If we in WordAlone think that a mere external change in form will reform and renew the church, we had better read our Martin Luther again.

Luther tirelessly critiqued the Aristotelian conception that changing one’s behavior could change his or her heart. Good fruit does not make a good tree, but rather a good tree makes good fruit. God must first renew the heart’s nature before the heart’s habits can be established. In other words, grace must first create the faith that subsequently displays itself in concrete forms.

To think that actions can change the heart is wholly mistaken because only the Holy Spirit can do that. However, once the heart is changed, a person cannot but act differently. Analogously, fixing the external form and structure of a church in no way guarantees any change in its “spirit,” but changing its spirit brings with it a corresponding change in form.
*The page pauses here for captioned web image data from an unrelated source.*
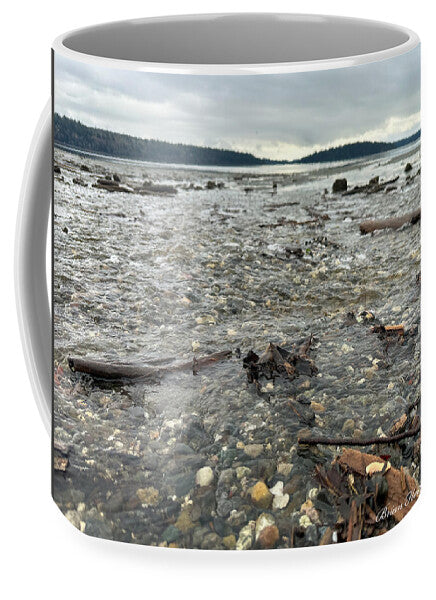 At the sound - Mug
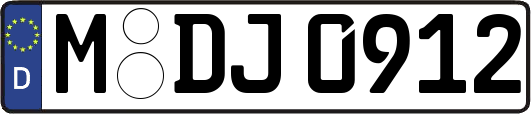 M-DJ0912
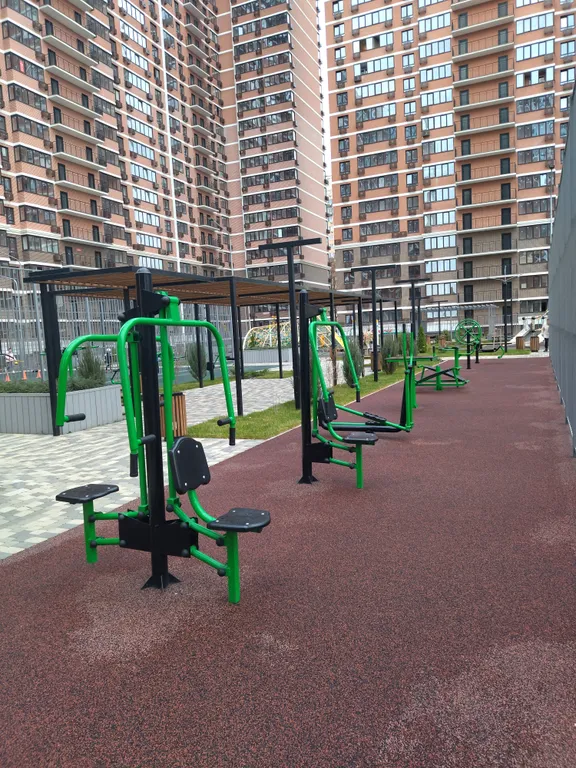 Уютная студия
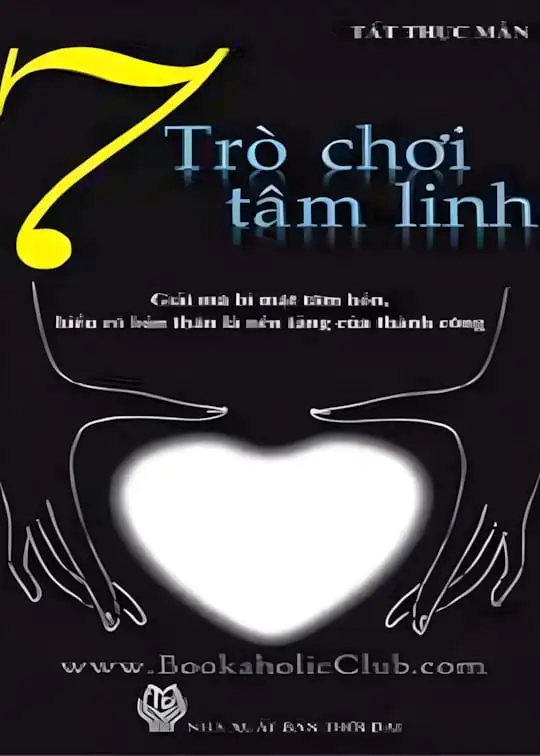 Ảnh bìa sách 7 Trò Chơi Tâm Linh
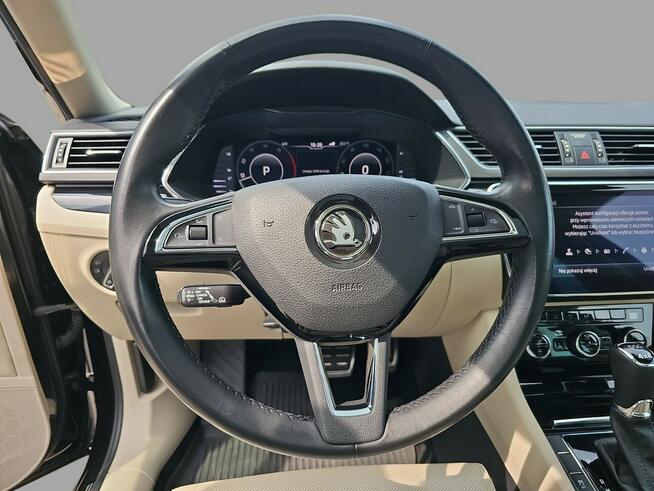 Škoda Superb Serwis ASO, Salon Polska, Webasto,Hak,Wyciszone wnętrze, Grupa Wróbel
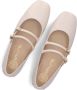 UNISA Ballerina Dames Berley Maat: 37 Materiaal: Leer Kleur: Roze - Thumbnail 6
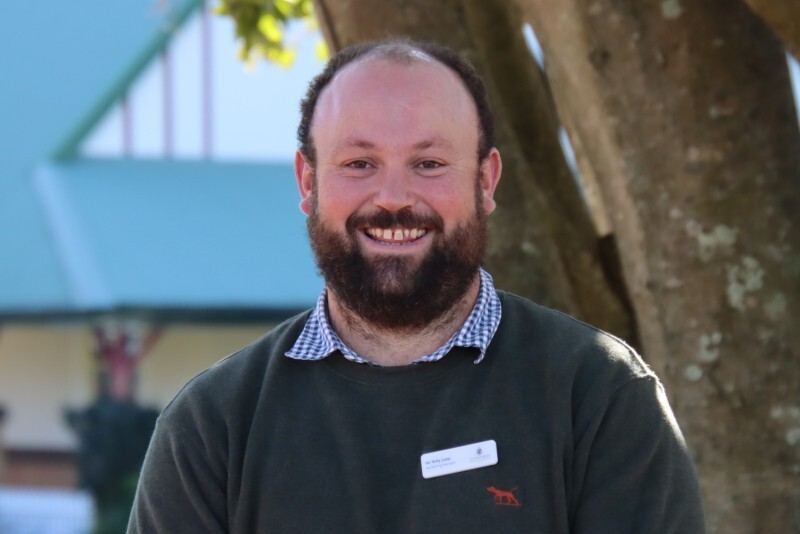 Billy Jupp step into the education space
The reforming work of the WordAlone Network cannot be done effectively apart from God’s work of renewing the spirit of the ELCA. A reform in externals cannot take the place of a renewal of the ELCA’s innermost spirit. Without this, the ELCA as an institution will always be the place where the most noble and desired ends of human beings are simply ratified with the cross of Christ.

As to this renewal, there is much WordAlone can do.

Luther believed that the Holy Spirit is carried on the wings of the Word. WordAlone stands resolutely and steadfastly for the loosing of this Word upon the world. A church filled with people reading and studying scripture, with people hearing and heeding law and gospel sermons, with people studying and discussing confessional documents, would be a church not much interested in perpetuating the external forms that WordAlone presently seeks to change.

Renewal is logically prior to true reform.

May none of us lose confidence in the power of God’s Word to change all things–even His church.